» **Assigned task**:
For the records below, tally the lines that include the word "small" and report the number alone.
(Records provided begins)
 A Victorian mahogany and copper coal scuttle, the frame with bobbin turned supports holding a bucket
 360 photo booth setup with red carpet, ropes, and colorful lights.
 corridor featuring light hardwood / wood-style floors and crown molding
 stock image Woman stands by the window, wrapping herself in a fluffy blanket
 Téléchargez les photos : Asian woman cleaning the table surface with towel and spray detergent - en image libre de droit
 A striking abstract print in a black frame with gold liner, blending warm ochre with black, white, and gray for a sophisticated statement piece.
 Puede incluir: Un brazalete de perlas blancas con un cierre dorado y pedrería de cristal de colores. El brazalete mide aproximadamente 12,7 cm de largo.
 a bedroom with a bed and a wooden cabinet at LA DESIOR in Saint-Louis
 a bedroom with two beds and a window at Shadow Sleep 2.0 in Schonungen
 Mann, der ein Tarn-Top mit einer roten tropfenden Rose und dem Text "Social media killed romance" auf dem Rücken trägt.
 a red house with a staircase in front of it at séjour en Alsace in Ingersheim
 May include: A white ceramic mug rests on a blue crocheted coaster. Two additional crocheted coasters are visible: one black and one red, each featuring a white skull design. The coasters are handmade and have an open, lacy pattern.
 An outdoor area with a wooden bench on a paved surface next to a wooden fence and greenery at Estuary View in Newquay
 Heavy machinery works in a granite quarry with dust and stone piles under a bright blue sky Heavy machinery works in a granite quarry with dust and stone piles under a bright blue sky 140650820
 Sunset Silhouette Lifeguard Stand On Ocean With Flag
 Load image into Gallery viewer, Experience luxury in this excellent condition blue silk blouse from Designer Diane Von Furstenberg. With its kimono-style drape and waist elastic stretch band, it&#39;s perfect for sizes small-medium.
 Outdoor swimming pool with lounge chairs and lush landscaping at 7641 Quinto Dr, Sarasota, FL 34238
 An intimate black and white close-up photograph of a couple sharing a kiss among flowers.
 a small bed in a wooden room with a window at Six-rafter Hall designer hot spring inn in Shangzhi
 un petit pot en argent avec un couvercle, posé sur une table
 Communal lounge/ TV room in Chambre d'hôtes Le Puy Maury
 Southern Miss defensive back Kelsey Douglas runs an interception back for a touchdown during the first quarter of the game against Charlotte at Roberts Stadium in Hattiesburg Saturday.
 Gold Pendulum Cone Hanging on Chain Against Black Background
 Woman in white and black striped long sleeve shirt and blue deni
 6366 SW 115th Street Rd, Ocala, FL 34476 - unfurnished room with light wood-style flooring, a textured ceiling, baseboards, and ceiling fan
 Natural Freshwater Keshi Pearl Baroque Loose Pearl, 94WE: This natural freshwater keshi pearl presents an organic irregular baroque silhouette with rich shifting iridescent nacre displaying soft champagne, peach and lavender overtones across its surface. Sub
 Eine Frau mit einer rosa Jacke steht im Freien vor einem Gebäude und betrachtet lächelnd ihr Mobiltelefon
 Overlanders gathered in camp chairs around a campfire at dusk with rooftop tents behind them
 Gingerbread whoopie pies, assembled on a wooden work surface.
(Records provided ends)
» **Solution to this problem**:
2